Trans Fats and Heart Disease: What a Massive Harvard Study Found

Trans Fats and Heart Disease: What a Massive Harvard Study Found

Graph showing link between trans fats and heart disease risk in women

Dr. Kumar’s Take:

This large study of over 85,000 women provides strong evidence that eating more trans fats—like those found in margarine, cookies, and processed foods—raises the risk of heart disease. Even after accounting for other factors like smoking, exercise, and cholesterol, the link remained strong. Not all fats are equal. This study reinforces that trans fats are some of the most harmful. Aim to cut them out wherever possible.

Note:

This study was published in 1993. I generally don’t like to post studies that are over 20 years old, but this one is important because it shows that we knew that trans fats were harming us for 25 years before taking them off the market. Even though evidence on the harms of trans fats stacked for many years, the power and money of the food industry was able to keep them in our food supply for decades.

Key Takeaways:

Women who ate the most trans fats had a 50% higher risk of heart disease than those who ate the least.
The risk was even higher for women who consistently used margarine over the previous decade.
Foods like margarine, cookies, and white bread were major contributors to trans fat intake.
Trans fats from vegetable oils were harmful; trans fats from animal products did not show the same effect.

Actionable Tip:

Read food labels carefully and avoid anything that lists “partially hydrogenated oils.” These are a major source of trans fats and are still found in international foods.

Brief Summary:

This 8-year study followed 85,095 women from the Nurses’ Health Study who had no known heart disease at the start. Researchers used food questionnaires to estimate trans fat intake and tracked new cases of coronary heart disease (CHD), including heart attacks and CHD-related deaths. They found that women who consumed the most trans fats had significantly higher risk of developing heart disease—independent of other factors like total fat, cholesterol, or lifestyle choices.

Study Design:

  • Type: Prospective cohort study
  • Participants: 85,095 women with no CHD, stroke, diabetes, or high cholesterol in 1980
  • Follow-up: 8 years
  • Data Collection: Food-frequency questionnaires and medical records
  • Outcome Measured: New CHD events (non-fatal heart attack or CHD-related death)
  • Adjustments: Controlled for age, smoking, weight, diet, cholesterol, hormone use, multivitamin use, and family history

Results:

  • 431 women developed heart disease during the study period.
  • Women in the highest fifth of trans fat intake had a 50% increased risk of heart disease compared to the lowest.
  • The link remained strong even after adjusting for other dietary fats (like saturated and monounsaturated fats) and lifestyle factors.
  • Processed foods like margarine, cookies, and white bread were top contributors to trans fat intake.
  • Trans fats from vegetable sources (like margarine) were linked to higher risk. Trans fats from animal sources (like beef or dairy) were not.

How Trans Fats Harm the Heart

Trans fats are created when vegetable oils are turned into solid fats through a process called partial hydrogenation. They were found in many processed and fried foods in the past but were banned in the US in 2018. Industrial trans fats interfere with the body’s ability to process healthy fats and may affect inflammation, blood clotting, and the structure of cell membranes.

L-Carnitine and Heart Health – Investigates how L-carnitine may influence cardiovascular risk through effects on fatty acid metabolism.

CoQ10 and Cardiovascular Health – Highlights CoQ10’s role in supporting heart function and mitochondrial health.

Linoleic Acid and Heart Disease – Examines the cardiovascular effects of polyunsaturated fats as a contrast to trans fats.

PURE Study: Dietary Fats, Carbs, and Heart Health – Discusses findings on various fats and carbohydrates in relation to heart disease.

Frequently Asked Questions

What are trans fats?

Trans fats are a type of fat made by adding hydrogen to liquid oils to make them solid. They are often found in baked goods, fried foods, and margarine.

Are trans fats still in food today?

Yes.

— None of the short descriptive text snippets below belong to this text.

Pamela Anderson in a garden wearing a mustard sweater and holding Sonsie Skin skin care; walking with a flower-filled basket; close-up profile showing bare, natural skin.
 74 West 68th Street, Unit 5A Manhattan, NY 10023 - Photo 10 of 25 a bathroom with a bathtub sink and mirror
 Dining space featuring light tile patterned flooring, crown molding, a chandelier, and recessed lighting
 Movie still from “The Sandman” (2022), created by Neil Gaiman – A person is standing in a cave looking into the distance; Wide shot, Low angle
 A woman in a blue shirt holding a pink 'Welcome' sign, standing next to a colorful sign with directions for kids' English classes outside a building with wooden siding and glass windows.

While many countries have banned or restricted trans fats, they may still be found in older processed foods or international foods. Always read the label—look for “partially hydrogenated oils.”

What’s the difference between trans fats from plants and animals?

In this study, trans fats from plant-based processed oils (like margarine) were linked to higher heart risk. Those from animals (like dairy or beef) were not.

Should I avoid all fats?

No. Healthy fats like those from olive oil, nuts, and avocados are good for your heart. It’s the processed trans fats you want to avoid.

Conclusion

This landmark Harvard study left little: doubt—trans fats significantly increase your risk of heart disease. Cutting them out of your diet is one of the most effective ways to protect your heart. Look at labels, avoid processed foods, and choose whole, fresh options whenever possible.